→ **Problem to solve**
Return exactly the lines below, starting with the one that has "PTX-11081-P, Plastic, ABS" and going on through the one that has "LEGION Pulse Pre".

→ **Material to process**

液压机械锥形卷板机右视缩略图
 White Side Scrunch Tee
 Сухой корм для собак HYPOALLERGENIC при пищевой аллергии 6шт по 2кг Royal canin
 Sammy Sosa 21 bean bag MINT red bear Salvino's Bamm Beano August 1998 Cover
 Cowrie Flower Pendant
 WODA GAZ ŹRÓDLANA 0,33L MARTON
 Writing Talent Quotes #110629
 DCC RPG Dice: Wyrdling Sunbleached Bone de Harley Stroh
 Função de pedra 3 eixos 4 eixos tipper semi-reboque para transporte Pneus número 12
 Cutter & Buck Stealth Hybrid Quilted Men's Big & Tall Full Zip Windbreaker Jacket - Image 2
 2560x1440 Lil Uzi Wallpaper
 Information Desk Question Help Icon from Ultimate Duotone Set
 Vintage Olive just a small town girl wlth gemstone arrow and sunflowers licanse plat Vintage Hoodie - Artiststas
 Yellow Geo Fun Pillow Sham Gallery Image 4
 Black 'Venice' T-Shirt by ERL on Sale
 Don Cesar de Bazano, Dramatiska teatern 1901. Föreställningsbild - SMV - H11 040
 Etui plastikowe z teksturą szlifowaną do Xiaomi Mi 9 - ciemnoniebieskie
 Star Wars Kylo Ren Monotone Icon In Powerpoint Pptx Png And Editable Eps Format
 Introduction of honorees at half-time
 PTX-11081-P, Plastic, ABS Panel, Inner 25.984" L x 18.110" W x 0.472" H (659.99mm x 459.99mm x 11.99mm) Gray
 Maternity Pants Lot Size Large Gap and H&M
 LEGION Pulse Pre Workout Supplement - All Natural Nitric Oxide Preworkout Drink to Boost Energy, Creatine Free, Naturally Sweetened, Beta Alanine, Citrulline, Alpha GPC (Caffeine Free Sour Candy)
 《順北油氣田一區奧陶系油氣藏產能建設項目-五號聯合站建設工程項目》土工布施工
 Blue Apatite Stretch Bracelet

→ **Result for this exercise**
 PTX-11081-P, Plastic, ABS Panel, Inner 25.984" L x 18.110" W x 0.472" H (659.99mm x 459.99mm x 11.99mm) Gray
 Maternity Pants Lot Size Large Gap and H&M
 LEGION Pulse Pre Workout Supplement - All Natural Nitric Oxide Preworkout Drink to Boost Energy, Creatine Free, Naturally Sweetened, Beta Alanine, Citrulline, Alpha GPC (Caffeine Free Sour Candy)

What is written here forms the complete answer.